José Elías Romero Apis

José Elías Romero Apis

 

Siempre se ha dicho que la política es un arte y que es una ciencia. Pero, además, es un juego. No un pasatiempo, sino una competencia. En todos los lances de la política siempre hay un vencedor y hay un perdedor, lo mismo se trate de una elección, de una promoción, de una negociación, de un decreto, de una crisis, de una declaración de guerra o de un tratado de paz.

Un mal vencedor es tan deplorable como un mal perdedor. El buen vencedor tiene alteza. El buen perdedor tiene majestad. El buen ganador es vencedor. El buen perdedor es invencible.

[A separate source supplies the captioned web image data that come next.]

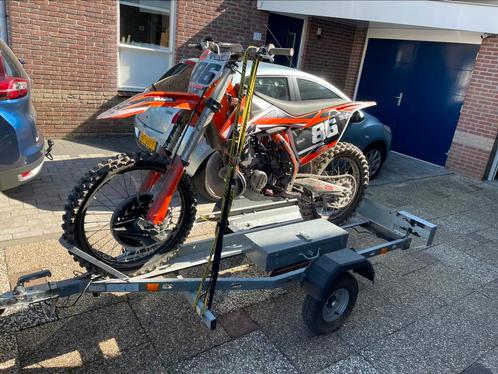 Motor trailer crossmotor, Fietsen en Brommers, Brommers | Crossbrommers, Zo goed als nieuw, Ophalen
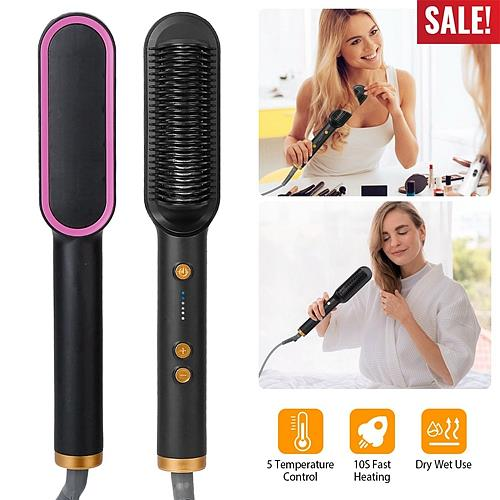 Electric Hair Straightener Brush - photo 3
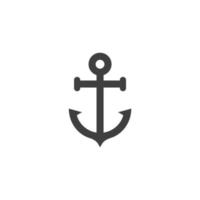 Vector sign of the anchor symbol is isolated on a white background. anchor icon color editable.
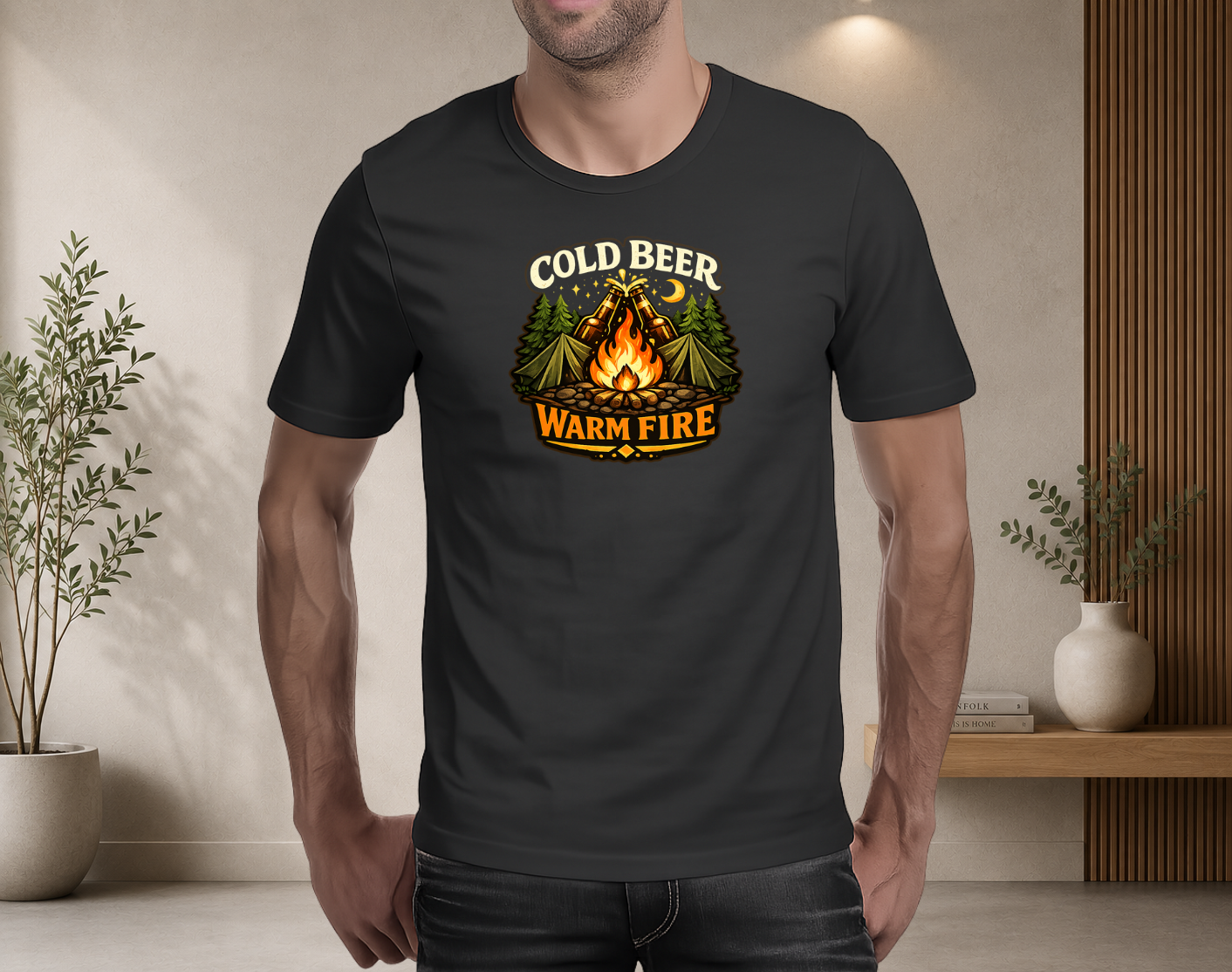 Cold beer, Warm fire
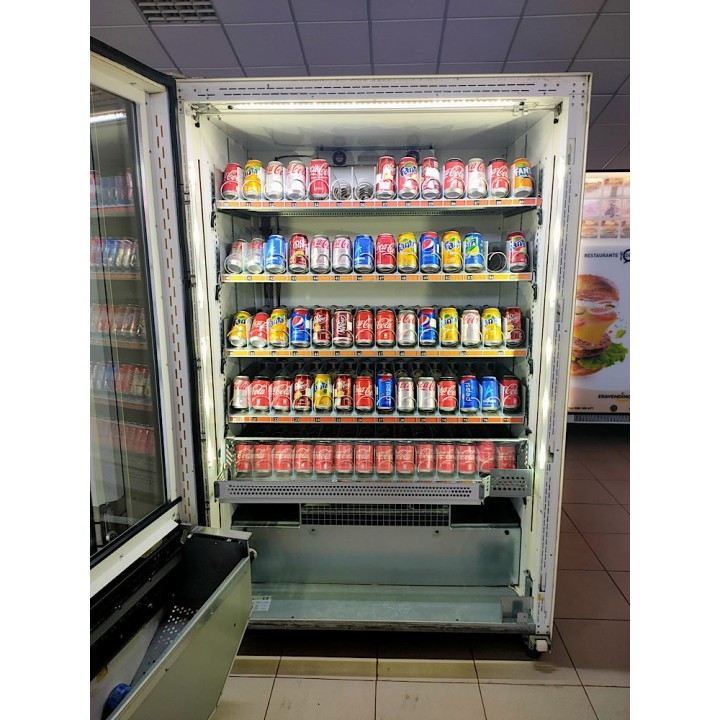 Comprar Bebidas frías de Cristal con ascensor,expendedora reacondicionada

Por eso, la victoria y la derrota deben ser tratadas como dos impostoras de paso. Ni una ni la otra son para siempre. Simulan constancia, pero se alejan muy pronto. La miel del éxito o el acíbar de la derrota deben beberse de prisa. Algunas risas o algunos suspiros, según sea el caso, y a despedirse de ellas. En lo político, la victoria y la derrota son mujeres públicas. Son de todos y de nadie.

El mal ganador se da por cinco perversiones esenciales. Por soberbia, por vanidad, por estupidez, por misantropía y por inconsciencia. El mal perdedor se da por cinco atrofias básicas. Por envidia, por cobardía, por terquedad, por irresponsabilidad y por enajenación.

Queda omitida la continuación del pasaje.